Cancer intruded into Lee’s consciousness at an early age when his paternal grandmother succumbed to the disease.
“Throughout my childhood, my family prayed together every night and found ourselves constantly praying for friends and coworkers battling cancer,” he said. “There truly were an overwhelming number of people we knew who were fighting the disease, and it rooted cancer in my mind as a looming shadow, which I now have the opportunity to help fight.”
Lee is an undergraduate researcher in the laboratory of biomedical engineering assistant professor Natasha Sheybani, who is also the research director of the UVA Focused Ultrasound Immuno-Oncology Center. There, researchers are developing new ways to use ultrasound and advanced imaging to help the immune system find and fight cancer.
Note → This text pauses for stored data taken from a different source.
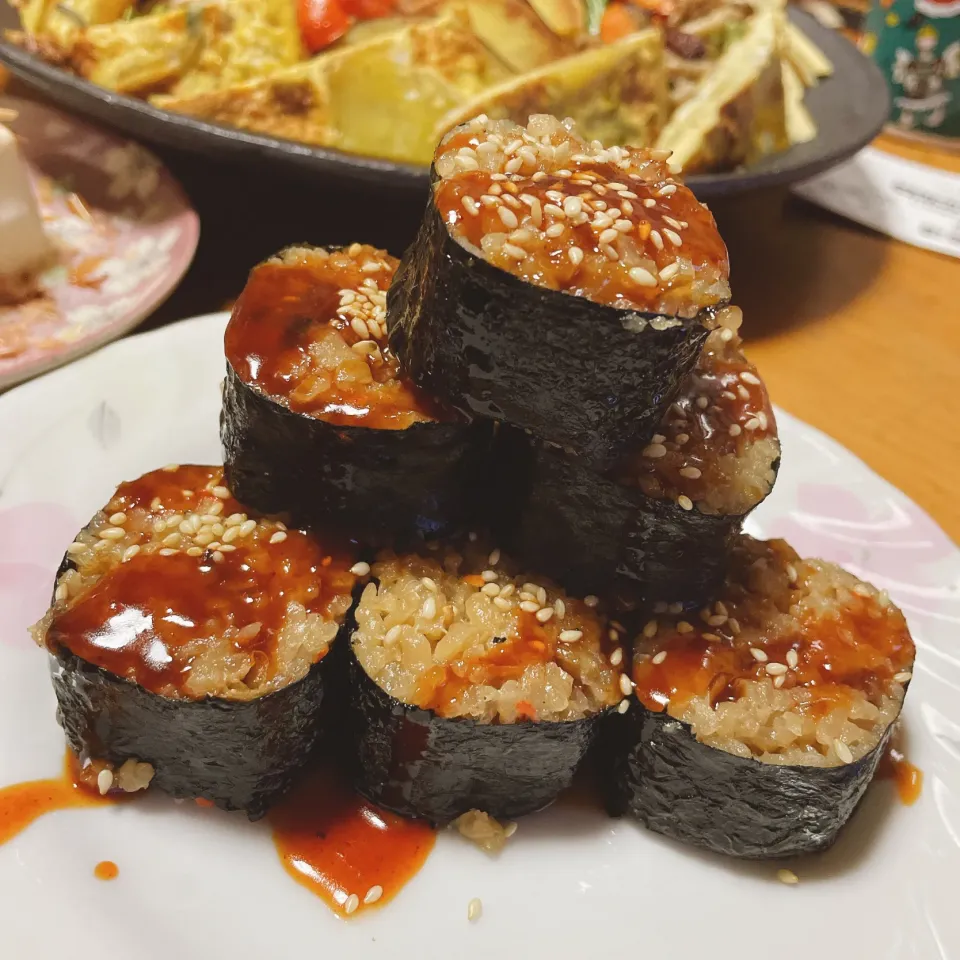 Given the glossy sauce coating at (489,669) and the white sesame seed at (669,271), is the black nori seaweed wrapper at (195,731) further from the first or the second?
the white sesame seed at (669,271)

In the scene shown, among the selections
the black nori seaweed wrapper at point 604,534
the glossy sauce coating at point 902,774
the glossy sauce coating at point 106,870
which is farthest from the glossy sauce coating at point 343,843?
the glossy sauce coating at point 902,774

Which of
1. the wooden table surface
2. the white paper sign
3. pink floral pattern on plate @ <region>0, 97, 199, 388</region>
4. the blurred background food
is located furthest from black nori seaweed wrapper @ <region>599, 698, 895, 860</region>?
the white paper sign

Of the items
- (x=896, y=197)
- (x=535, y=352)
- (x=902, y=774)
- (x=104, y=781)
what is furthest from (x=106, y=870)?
(x=896, y=197)

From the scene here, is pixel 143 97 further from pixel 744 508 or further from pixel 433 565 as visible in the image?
pixel 744 508

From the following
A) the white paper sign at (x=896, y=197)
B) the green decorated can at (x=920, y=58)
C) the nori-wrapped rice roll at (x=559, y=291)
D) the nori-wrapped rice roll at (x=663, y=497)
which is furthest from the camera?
the green decorated can at (x=920, y=58)

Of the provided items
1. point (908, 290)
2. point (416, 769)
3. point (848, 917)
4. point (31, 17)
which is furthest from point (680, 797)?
point (31, 17)

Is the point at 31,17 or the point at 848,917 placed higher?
the point at 31,17

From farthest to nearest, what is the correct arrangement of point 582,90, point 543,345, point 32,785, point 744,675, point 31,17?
point 31,17 < point 582,90 < point 744,675 < point 32,785 < point 543,345

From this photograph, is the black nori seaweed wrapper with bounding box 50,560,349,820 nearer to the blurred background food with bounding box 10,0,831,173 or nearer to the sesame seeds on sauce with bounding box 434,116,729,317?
the sesame seeds on sauce with bounding box 434,116,729,317
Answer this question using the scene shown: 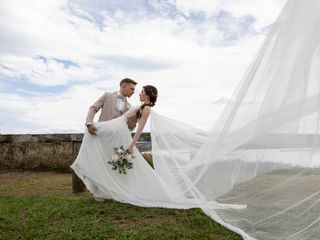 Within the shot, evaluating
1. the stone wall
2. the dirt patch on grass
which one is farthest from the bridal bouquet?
the stone wall

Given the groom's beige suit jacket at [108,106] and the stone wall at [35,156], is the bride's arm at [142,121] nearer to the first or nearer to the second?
the groom's beige suit jacket at [108,106]

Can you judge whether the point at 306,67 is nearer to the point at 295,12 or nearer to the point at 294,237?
the point at 295,12

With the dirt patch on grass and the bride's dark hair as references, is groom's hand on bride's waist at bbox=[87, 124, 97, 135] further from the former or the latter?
the dirt patch on grass

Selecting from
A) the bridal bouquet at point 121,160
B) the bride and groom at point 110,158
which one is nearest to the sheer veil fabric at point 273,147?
the bride and groom at point 110,158

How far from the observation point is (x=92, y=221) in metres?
4.77

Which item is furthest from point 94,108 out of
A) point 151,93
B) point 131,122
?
point 151,93

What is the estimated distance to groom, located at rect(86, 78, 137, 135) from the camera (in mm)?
6230

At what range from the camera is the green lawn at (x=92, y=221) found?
4.21 m

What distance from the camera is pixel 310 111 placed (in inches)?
133

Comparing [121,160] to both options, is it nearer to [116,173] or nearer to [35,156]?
[116,173]

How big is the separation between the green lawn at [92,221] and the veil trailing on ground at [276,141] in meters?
0.47

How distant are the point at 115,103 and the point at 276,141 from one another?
10.8 ft

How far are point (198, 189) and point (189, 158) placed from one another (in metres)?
0.79

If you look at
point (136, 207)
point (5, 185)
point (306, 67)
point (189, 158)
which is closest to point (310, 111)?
point (306, 67) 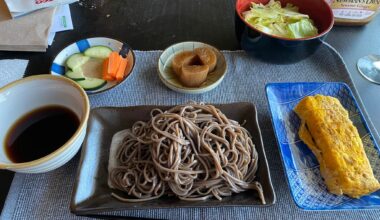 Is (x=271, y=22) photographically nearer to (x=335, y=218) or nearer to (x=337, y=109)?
(x=337, y=109)

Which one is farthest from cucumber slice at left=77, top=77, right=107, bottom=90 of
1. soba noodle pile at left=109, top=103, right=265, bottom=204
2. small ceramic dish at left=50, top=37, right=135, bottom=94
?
soba noodle pile at left=109, top=103, right=265, bottom=204

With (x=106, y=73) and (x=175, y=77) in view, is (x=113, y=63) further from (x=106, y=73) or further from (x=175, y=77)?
(x=175, y=77)

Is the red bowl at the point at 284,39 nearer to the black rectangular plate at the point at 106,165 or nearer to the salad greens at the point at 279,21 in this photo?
the salad greens at the point at 279,21

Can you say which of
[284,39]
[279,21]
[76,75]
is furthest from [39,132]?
[279,21]

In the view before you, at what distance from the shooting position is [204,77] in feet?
3.65

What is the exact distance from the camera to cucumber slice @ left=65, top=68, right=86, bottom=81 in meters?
1.11

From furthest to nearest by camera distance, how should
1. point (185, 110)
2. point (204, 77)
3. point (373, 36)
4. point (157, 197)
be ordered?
point (373, 36)
point (204, 77)
point (185, 110)
point (157, 197)

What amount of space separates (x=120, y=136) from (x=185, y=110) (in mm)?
225

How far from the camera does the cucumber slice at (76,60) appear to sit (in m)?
1.14

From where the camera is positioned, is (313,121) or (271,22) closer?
(313,121)

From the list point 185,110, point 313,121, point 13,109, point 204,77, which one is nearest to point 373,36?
point 313,121

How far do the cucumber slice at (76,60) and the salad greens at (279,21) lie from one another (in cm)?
67

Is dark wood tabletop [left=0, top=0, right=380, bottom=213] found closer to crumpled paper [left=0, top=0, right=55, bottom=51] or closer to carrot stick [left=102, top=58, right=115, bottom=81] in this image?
crumpled paper [left=0, top=0, right=55, bottom=51]

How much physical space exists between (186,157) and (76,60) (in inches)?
24.7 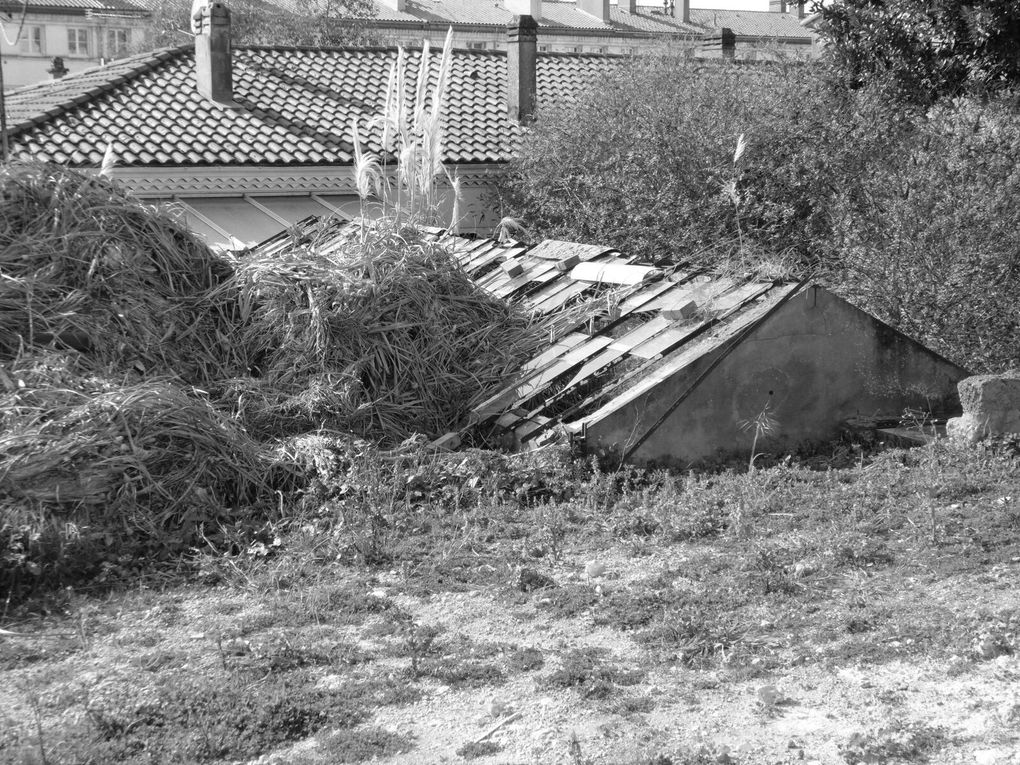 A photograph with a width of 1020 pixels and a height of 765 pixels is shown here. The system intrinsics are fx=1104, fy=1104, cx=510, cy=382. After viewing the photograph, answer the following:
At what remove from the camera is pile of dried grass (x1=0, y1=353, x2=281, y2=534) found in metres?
6.74

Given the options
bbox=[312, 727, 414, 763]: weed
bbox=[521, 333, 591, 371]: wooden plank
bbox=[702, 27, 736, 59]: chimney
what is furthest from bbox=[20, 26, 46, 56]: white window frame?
bbox=[312, 727, 414, 763]: weed

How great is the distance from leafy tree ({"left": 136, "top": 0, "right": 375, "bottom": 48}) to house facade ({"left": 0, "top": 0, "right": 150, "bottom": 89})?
751 inches

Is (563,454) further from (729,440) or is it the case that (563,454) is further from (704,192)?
(704,192)

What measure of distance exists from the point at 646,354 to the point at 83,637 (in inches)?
194

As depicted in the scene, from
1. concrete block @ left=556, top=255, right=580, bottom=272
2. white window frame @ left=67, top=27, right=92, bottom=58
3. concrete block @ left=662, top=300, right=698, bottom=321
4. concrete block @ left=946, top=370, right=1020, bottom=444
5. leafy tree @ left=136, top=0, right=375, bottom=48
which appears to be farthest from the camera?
white window frame @ left=67, top=27, right=92, bottom=58

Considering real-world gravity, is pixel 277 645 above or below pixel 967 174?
below

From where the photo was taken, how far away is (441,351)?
930 centimetres

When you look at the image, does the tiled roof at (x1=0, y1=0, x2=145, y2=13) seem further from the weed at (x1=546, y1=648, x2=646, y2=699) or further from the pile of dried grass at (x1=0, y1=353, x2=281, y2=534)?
the weed at (x1=546, y1=648, x2=646, y2=699)

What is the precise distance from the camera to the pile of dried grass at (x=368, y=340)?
8500 millimetres

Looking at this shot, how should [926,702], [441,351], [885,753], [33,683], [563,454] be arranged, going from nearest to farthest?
[885,753] < [926,702] < [33,683] < [563,454] < [441,351]

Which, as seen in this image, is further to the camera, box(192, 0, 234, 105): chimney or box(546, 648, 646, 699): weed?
box(192, 0, 234, 105): chimney

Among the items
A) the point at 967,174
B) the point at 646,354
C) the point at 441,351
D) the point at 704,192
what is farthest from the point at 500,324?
the point at 704,192

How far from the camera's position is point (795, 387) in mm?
8977

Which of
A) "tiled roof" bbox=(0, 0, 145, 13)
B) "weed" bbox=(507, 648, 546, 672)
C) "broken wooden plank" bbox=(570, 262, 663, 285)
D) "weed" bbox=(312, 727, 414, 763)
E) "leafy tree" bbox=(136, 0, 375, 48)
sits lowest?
"weed" bbox=(312, 727, 414, 763) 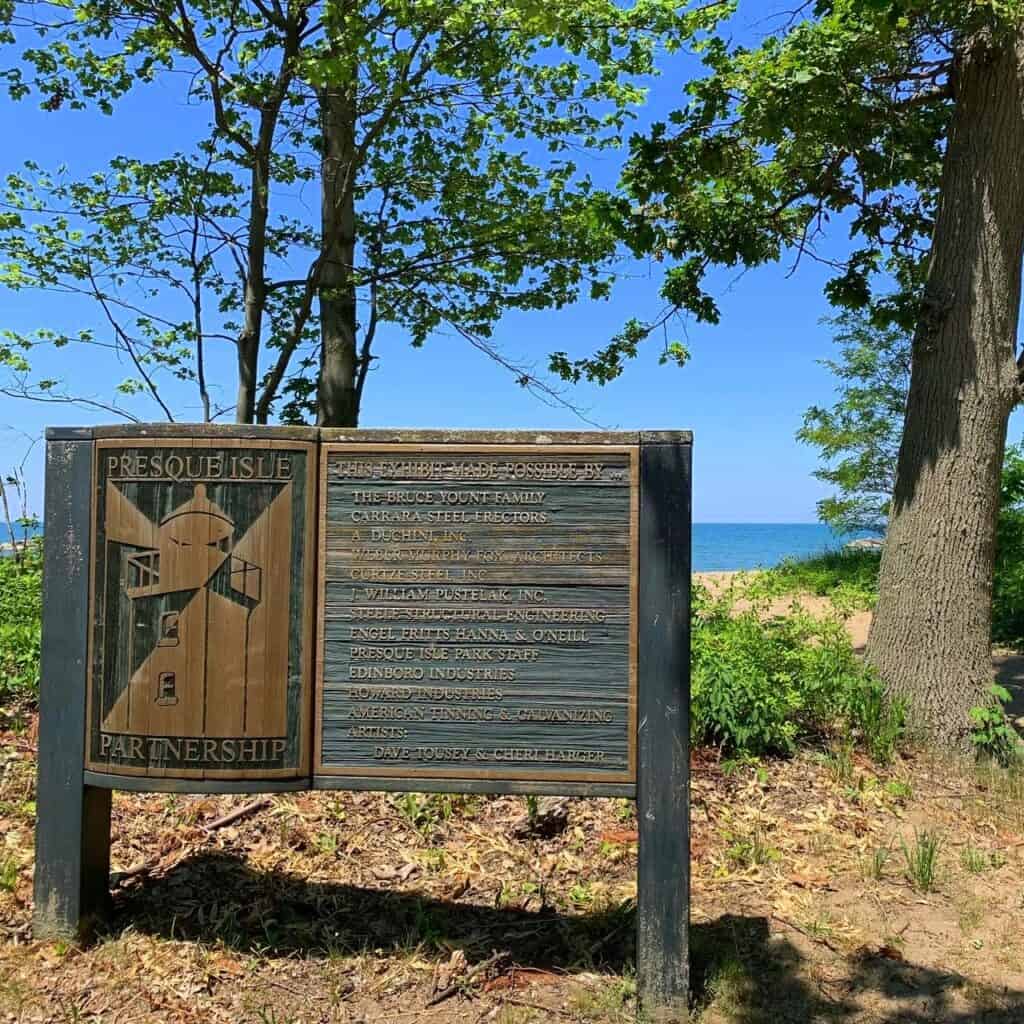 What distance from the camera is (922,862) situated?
14.3ft

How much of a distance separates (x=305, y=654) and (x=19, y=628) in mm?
4206

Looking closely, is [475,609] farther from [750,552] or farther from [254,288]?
[750,552]

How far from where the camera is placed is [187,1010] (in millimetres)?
3229

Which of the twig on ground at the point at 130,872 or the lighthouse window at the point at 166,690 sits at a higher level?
Result: the lighthouse window at the point at 166,690

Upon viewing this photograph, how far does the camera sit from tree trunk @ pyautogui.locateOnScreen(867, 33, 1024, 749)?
6207mm

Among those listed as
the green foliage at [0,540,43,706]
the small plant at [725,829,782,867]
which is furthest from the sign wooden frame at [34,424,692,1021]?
the green foliage at [0,540,43,706]

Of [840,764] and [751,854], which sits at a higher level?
[840,764]

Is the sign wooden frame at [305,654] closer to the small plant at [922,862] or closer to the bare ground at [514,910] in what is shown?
the bare ground at [514,910]

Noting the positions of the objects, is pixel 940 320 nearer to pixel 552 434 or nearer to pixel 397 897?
pixel 552 434

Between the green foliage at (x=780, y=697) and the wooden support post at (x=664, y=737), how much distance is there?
1874 millimetres

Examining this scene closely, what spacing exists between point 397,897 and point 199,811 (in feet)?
4.58

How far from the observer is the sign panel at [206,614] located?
11.4 ft

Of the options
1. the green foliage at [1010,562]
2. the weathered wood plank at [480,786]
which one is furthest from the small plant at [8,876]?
the green foliage at [1010,562]

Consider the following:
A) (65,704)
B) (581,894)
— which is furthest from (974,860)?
(65,704) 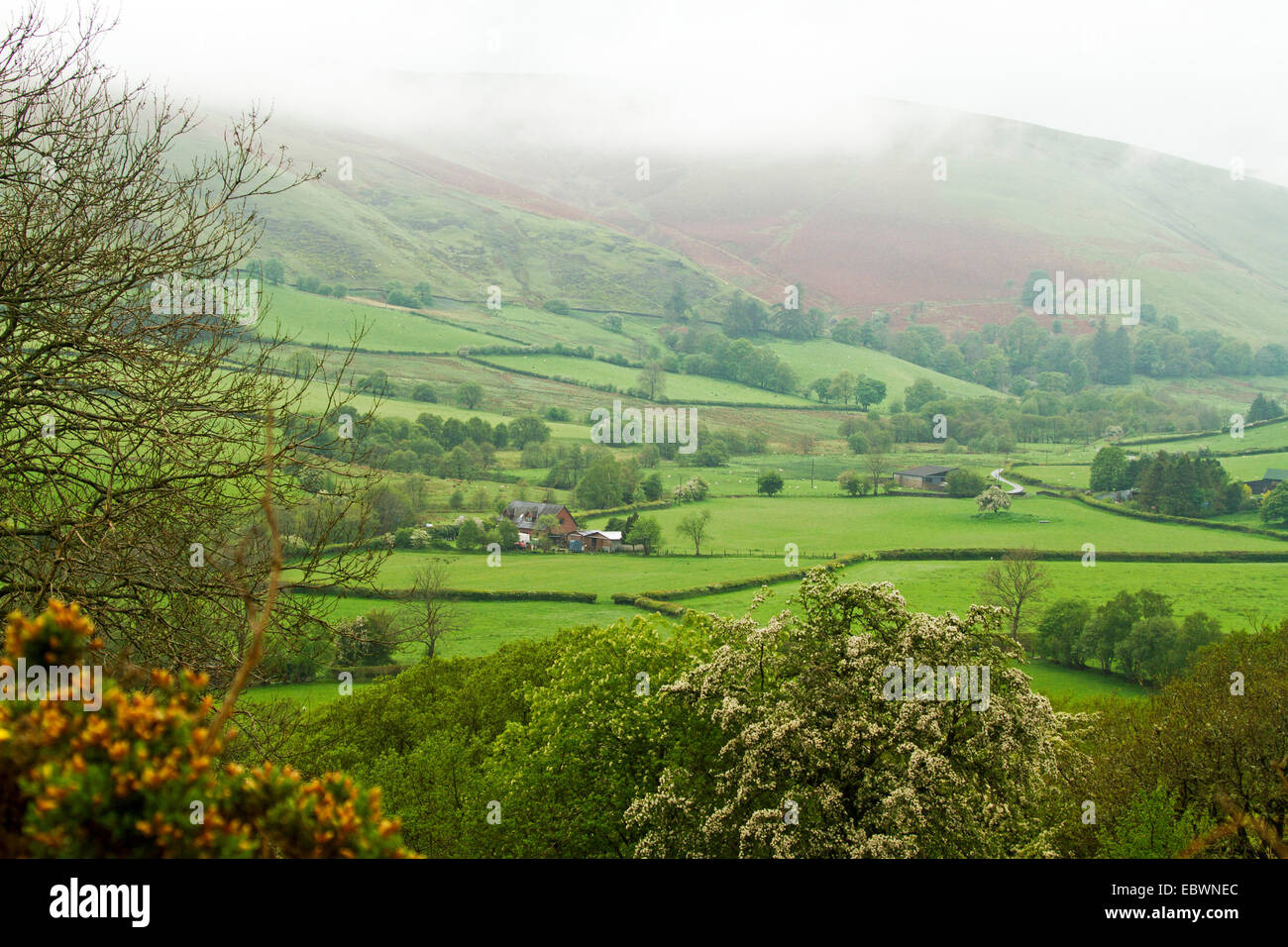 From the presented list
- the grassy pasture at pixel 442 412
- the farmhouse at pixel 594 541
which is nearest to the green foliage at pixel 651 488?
the farmhouse at pixel 594 541

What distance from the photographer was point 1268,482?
98688mm

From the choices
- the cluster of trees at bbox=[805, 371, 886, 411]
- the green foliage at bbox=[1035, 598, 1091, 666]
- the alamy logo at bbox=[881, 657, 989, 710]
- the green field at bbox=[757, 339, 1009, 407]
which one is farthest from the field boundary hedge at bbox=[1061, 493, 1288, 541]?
the alamy logo at bbox=[881, 657, 989, 710]

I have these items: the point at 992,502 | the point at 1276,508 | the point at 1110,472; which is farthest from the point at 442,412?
the point at 1276,508

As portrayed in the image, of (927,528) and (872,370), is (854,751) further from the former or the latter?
(872,370)

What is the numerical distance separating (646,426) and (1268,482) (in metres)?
75.3

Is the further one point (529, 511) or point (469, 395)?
point (469, 395)

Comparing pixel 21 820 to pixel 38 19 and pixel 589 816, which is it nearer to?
pixel 38 19

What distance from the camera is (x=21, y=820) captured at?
3527mm

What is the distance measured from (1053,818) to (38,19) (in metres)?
23.4

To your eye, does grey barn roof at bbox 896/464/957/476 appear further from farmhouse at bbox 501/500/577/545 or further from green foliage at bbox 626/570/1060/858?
A: green foliage at bbox 626/570/1060/858

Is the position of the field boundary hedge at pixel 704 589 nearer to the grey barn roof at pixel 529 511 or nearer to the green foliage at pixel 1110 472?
the grey barn roof at pixel 529 511

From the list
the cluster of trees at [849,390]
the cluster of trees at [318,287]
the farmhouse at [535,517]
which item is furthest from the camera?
the cluster of trees at [318,287]

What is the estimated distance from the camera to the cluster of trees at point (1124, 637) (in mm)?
51250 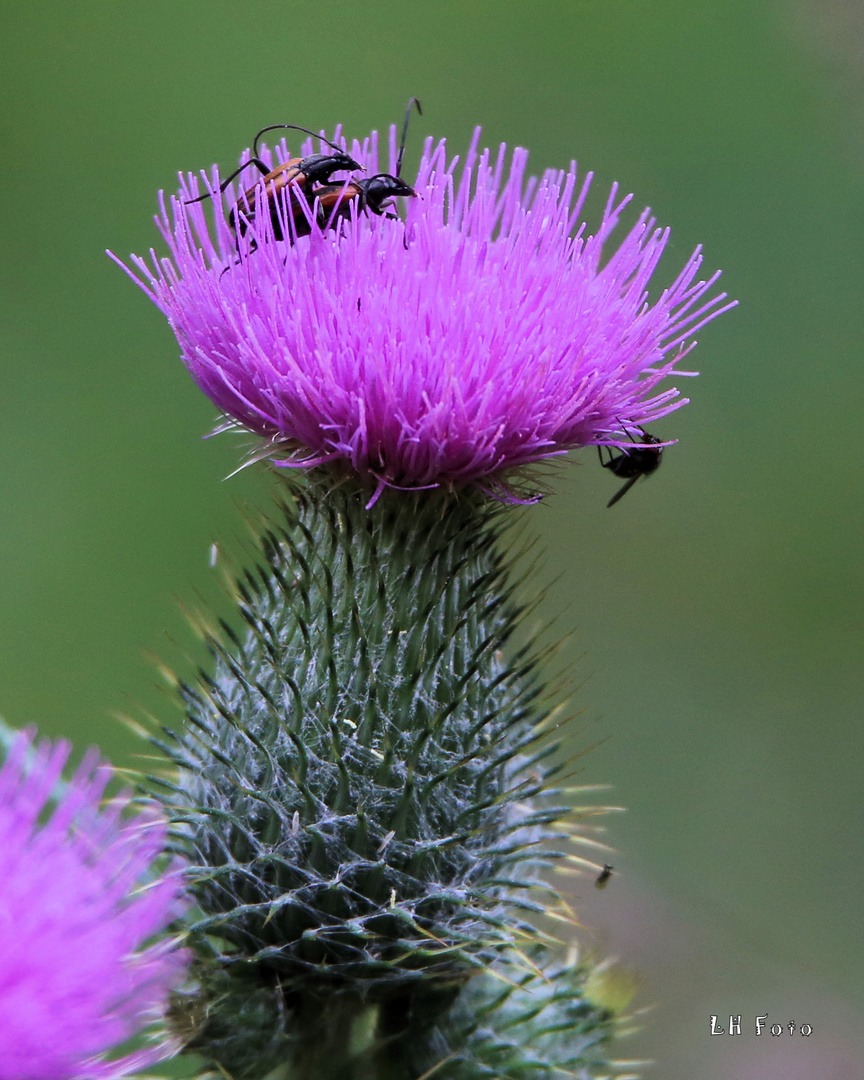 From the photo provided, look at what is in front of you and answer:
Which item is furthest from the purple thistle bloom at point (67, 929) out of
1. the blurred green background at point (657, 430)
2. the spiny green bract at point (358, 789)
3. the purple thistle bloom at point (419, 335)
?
the blurred green background at point (657, 430)

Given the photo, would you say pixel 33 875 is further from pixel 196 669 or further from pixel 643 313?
pixel 643 313

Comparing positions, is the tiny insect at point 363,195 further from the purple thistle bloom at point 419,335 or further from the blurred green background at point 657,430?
the blurred green background at point 657,430

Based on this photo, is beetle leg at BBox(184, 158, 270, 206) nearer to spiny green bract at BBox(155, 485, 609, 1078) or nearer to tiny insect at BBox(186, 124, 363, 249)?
tiny insect at BBox(186, 124, 363, 249)

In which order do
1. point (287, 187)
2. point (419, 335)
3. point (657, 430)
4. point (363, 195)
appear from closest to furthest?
1. point (419, 335)
2. point (287, 187)
3. point (363, 195)
4. point (657, 430)

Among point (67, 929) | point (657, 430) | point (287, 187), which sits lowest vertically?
point (67, 929)

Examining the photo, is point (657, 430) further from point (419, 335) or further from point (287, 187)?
point (419, 335)

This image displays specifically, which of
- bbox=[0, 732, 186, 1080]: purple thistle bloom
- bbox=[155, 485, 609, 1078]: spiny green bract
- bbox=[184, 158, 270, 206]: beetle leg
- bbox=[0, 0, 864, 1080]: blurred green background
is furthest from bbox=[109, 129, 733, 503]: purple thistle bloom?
bbox=[0, 0, 864, 1080]: blurred green background

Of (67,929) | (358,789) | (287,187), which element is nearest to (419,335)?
(287,187) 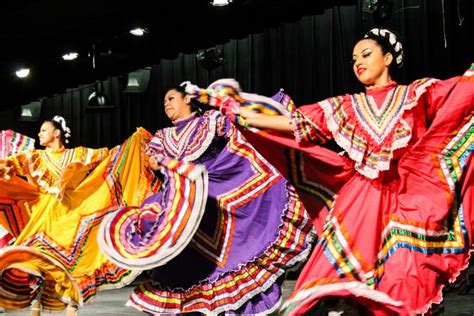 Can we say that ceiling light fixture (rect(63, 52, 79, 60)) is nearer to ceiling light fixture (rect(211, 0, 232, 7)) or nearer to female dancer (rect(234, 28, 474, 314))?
ceiling light fixture (rect(211, 0, 232, 7))

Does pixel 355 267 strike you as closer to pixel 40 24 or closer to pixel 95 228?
pixel 95 228

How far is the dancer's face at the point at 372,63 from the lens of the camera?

Lee has studied how focused ultrasound can help deliver drugs to the brain and improve cancer treatments. His current research explores how ultrasound can enhance immunotherapy and improve the delivery of treatments to brain tumors.
He is not taking the summer off. “I am headed to the University of California at Berkeley as an Amgen Scholar for the summer, during which I will work in assistant professor Derfogail Delcassian’s lab on T cells, a broad subset of immune cells which are important for fighting viral infections and cancer,” Lee said.
Berkeley is not Lee’s only destination this year. He will also travel to Houston in August for the Astronaut Scholarship Foundation’s Innovators Symposium and Gala. Lee is one of 79 Astronaut Scholars recognized this year.
“The financial resources and especially the networking opportunities which come with being an Astronaut Scholar are going to be a tremendous asset over the academic year and beyond as I apply to doctoral programs in bio/biomedical engineering,” Lee said. “Professional relationships and teamwork are key in the complex world of biomedical engineering, and the financial benefits will ensure I can spend my time focused on research and coursework.”